Irradiation Of Foods Dangers & Preservating: Pros & Cons

Irradiation of foods & preservating is a new concept of preserving foods, it involves using radiation. This article discusses the professional view of food irradaition.

Food irradiation is done on a constant basis, food growers and sellers say that food irradiation is safe and is a great means of extending the shelf life of fresh foods. The benefits are high according to food sellers; irradiation kills disease-causing organisms. It also increases the safety of foods for people with a low immunity system. In promotes longer life of vegetables in stores, it also prevents the vegetables from sprouting. It is also beneficial for grains; it kills or sterilizes insects that can be found in grains. It also allows fruits to be picked early and delays the ripening of the fruit until it gets to the supermarkets.

Irradiation is the process of exposing fresh foods to low amounts of x-rays to sterilize and prolong its life. Food suppliers say that it is safe and does not make foods radioactive. But the general public has problems with this observation, the general public believes that any radiation exposure holds a threat of a health hazard. They also believe that consuming these x-rayed foods on a daily basis will pose a threat of developing mutant organisms within the body.

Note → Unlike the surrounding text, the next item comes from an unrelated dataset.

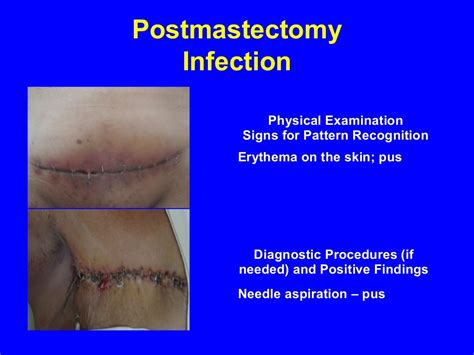 Mastectomy Morbidities: Prevention, Detection, and Treatment (Focus:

There are government regulations in place that insure the use of certain irradiation processes. The process of x-ray irradiation is allowed, because x-rays travel through an object without leaving radioactive material behind. Food may be irradiated by exposure to cobalt and cesium isotopes these methods are considered cold sterilization. There is an exception to meats, x-ray is still allowed but it takes higher doses of radiation to kill the parasites, salmonella bacteria, and other organisms. There is a warning, meats that are irradiated by radiation are darker, fish and seafood become mushy, and irradiation of grains destroy the fats found in grains and make them taste sour.



In government studies it shows that x-ray irradiation does preserve nutrients such as niacin, riboflavin, and thiamine. But other studies show the x-ray irradiation destroys the vitamins that promote fat digestion such as vitamins A, E, and K. There is a controversy going on about the Vitamin C, some studies show that x-ray irradiation does no harm to vitamin C, while other studies show that it destroys almost eighty-five percent of vitamin C found in vegetables, meats and fruits.